Mick Thomas has also been forced to postpone a number of dates on his Out & About tour with Roving Commission.
“People say, ‘Oh, you can reschedule,’ but you can’t then do the shows on those dates,” Thomas told The Music.
“‘Bluesfest got rescheduled’ - yeah, that’s a weekend in October that I now can’t do gigs. You have lost shows…there’s the money you would have made and that’s five or six people who directly depend on that for an income.
“Then there’s the merch that you sell - this morning a box with 150 beanies rocked up, I’ve got about 300 bottle openers sitting here and a bunch of tea towels about to arrive - and this is sort of the crux of it more than anything: the way records have gone with the way of streaming and stuff, your main chance of selling them is getting out on the road and selling them at the merch desk.”
Not only is there a lot of time and money lost, but the constant changes are also a logistical nightmare, which is what Dan Nebe, the promoter behind Brisbane-based event Rockin' 4 The Homeless and Hoodoo Gurus tour manager, is in the thick of.
This year’s Rockin' 4 The Homeless is scheduled to feature Hoodoo Gurus, Superjesus and DEF FX, which has been postponed twice over the past 18 months due to COVID.
“Getting the logistics and the bands aligned for that, to get it all lined up on the same date and to then get airfares and accommodation and [crew], only to have it dismantled again? It is disappointing,” Nebe said.
“I don’t want to say we’re used to it because it’s not something we’d ever want to be used to, but I did go into the second round of this concert fully prepared for it to come apart. Here in Brisbane, a lot of people are suffering and plans are going out the window, people’s lives get thrown into turmoil.”

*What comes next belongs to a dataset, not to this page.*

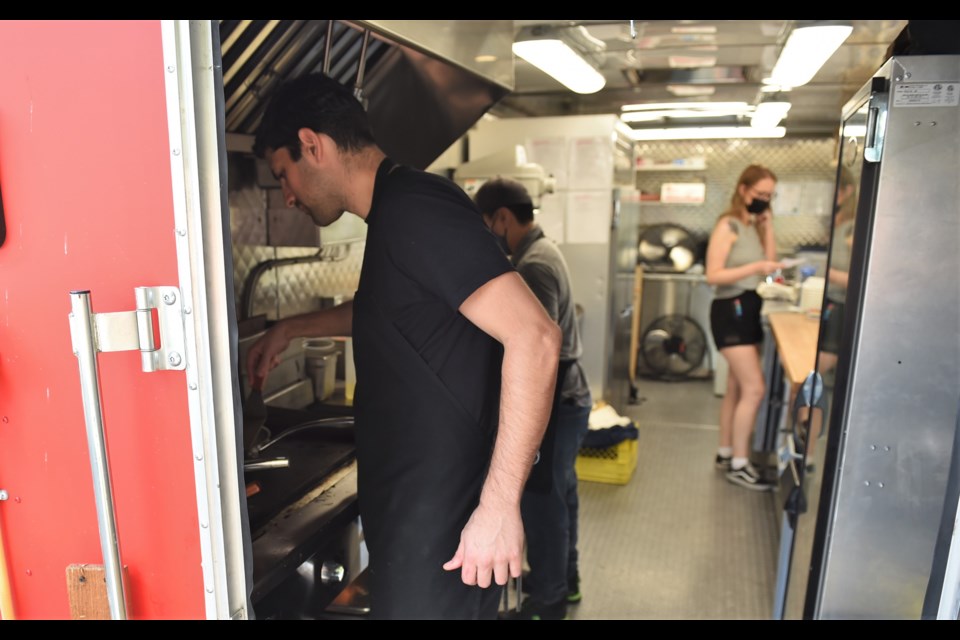 Jorge Tuane hard at work in the 8bite food trailer.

As seems to be the common census, Nebe enthused that the entertainment industry has been “left behind” because “the government basically have decided that we, as an industry, are not a priority”.
“We have these Arts Ministers already - I think they’re the ones that need to be doing their jobs. They need to understand what people in the arts require, and that really we have the same needs as everyone else,” he said.
“We have mortgages and kids that need school and cars that need petrol - everything else that everyone else has. It needs to go across the board, and they need to start lobbying for us harder. They just seem to be sitting back and doing nothing; compare that to the rest of the world and what they’re doing here in Australia is basically criminal.”
The ongoing lack of government support and uncertainty is something that McKenna said is “really frustrating”.
“They have to figure something else out because closing the borders every time is just… I don’t know how the live music industry is going to survive if we have potentially another six months to a year of this, if we don’t get vaccination rates up, that’s probably what it’s looking like.
“Booking tours at the moment is like a game of roulette; you just pick dates and hope for the best. You put your money on a number and hope that it’s not going to be a time when we’re in lockdown again.
“I look in my iCal and I see all the shows we have booked for the next month, in August, and I just think, ‘Are these actually going to happen?’”
Thomas added: “Some people have said, ‘Well, maybe you went out too quick?’ But we’ve got to keep trying. If we just rely on the bozos that are running the joint to give us the green light, we’re never going to get out there.
“If we don’t keep trying to do it then suddenly we’ll look around and there’s going to be no venues and no bands.”